» EXERCISE DETAILS
Hand back every line from the beginning of the data below through the line containing "তপন: মুখ্যমন্ত্রীর পদত্যাগের", word for word and free of pictures.
__________
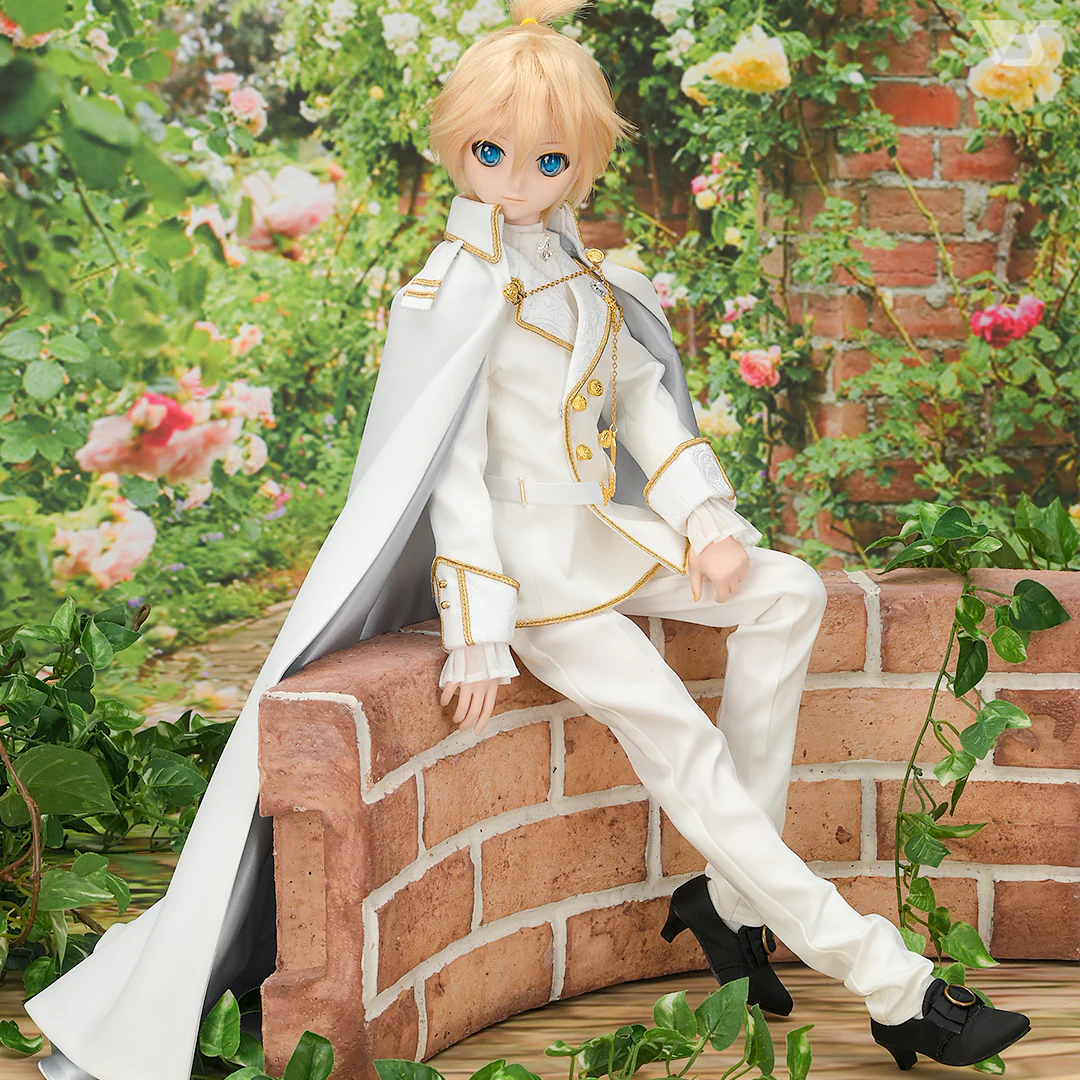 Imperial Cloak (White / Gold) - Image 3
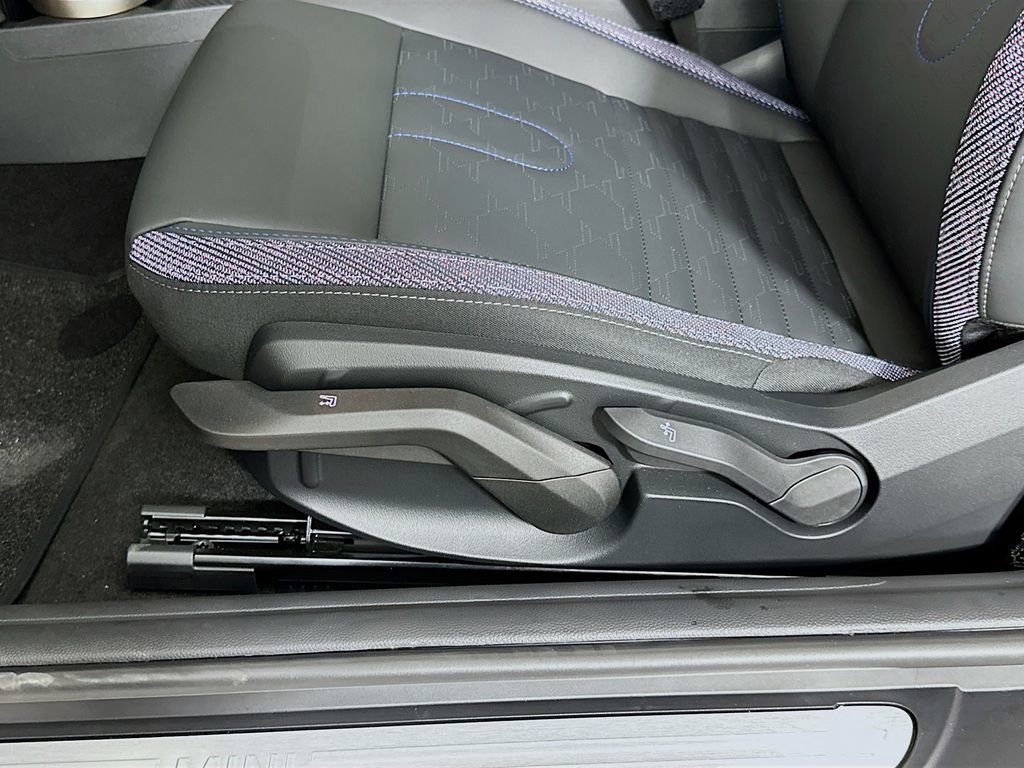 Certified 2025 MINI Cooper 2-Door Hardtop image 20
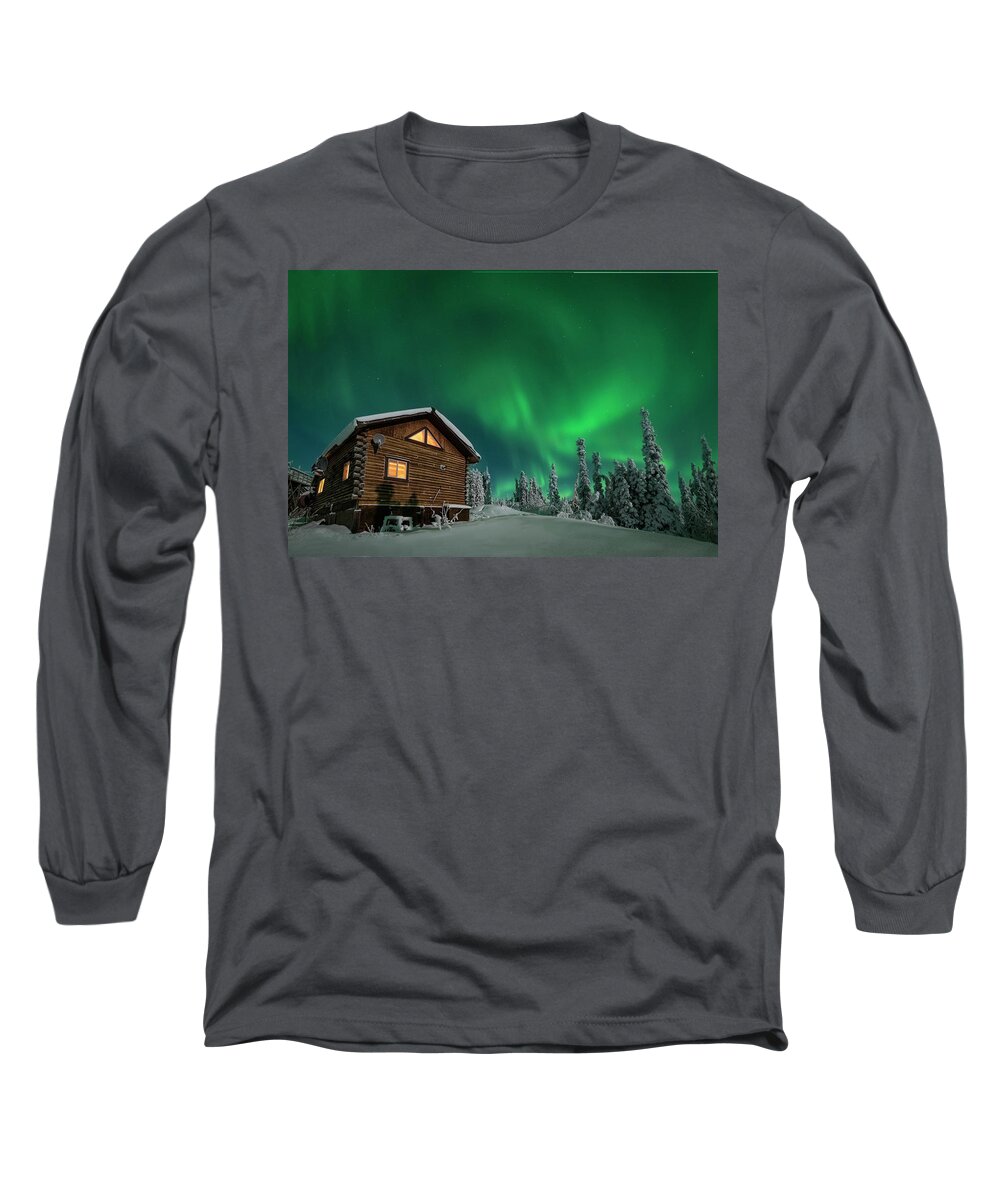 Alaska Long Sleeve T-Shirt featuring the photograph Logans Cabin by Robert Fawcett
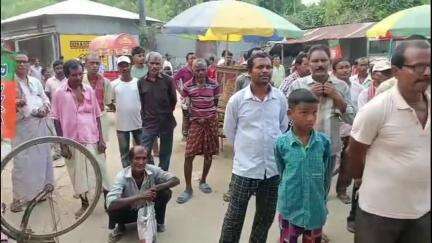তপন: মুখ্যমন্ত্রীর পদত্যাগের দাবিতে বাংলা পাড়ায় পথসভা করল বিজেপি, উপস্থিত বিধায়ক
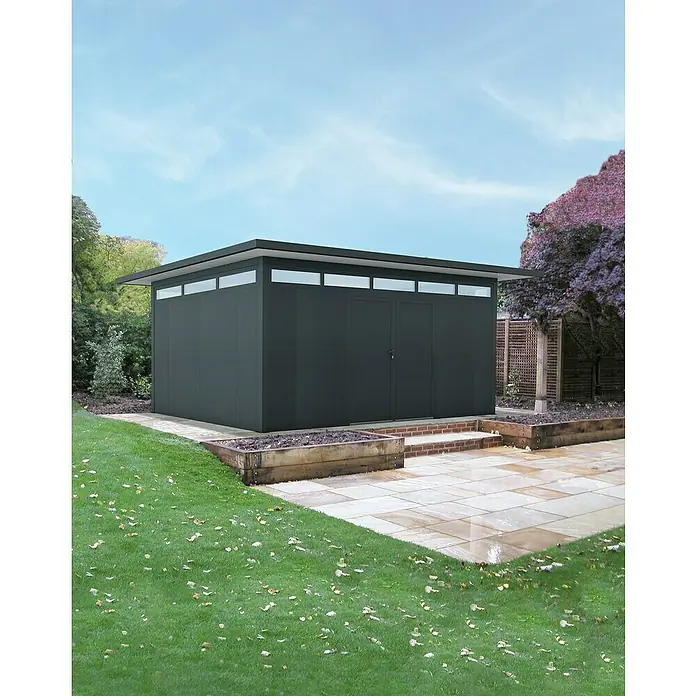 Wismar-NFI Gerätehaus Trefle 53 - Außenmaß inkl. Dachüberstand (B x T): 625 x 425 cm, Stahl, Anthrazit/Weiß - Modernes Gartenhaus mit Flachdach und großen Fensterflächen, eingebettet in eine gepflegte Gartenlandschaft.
__________
» OUTPUT BELOW
 Imperial Cloak (White / Gold) - Image 3
 Certified 2025 MINI Cooper 2-Door Hardtop image 20
 Alaska Long Sleeve T-Shirt featuring the photograph Logans Cabin by Robert Fawcett
তপন: মুখ্যমন্ত্রীর পদত্যাগের দাবিতে বাংলা পাড়ায় পথসভা করল বিজেপি, উপস্থিত বিধায়ক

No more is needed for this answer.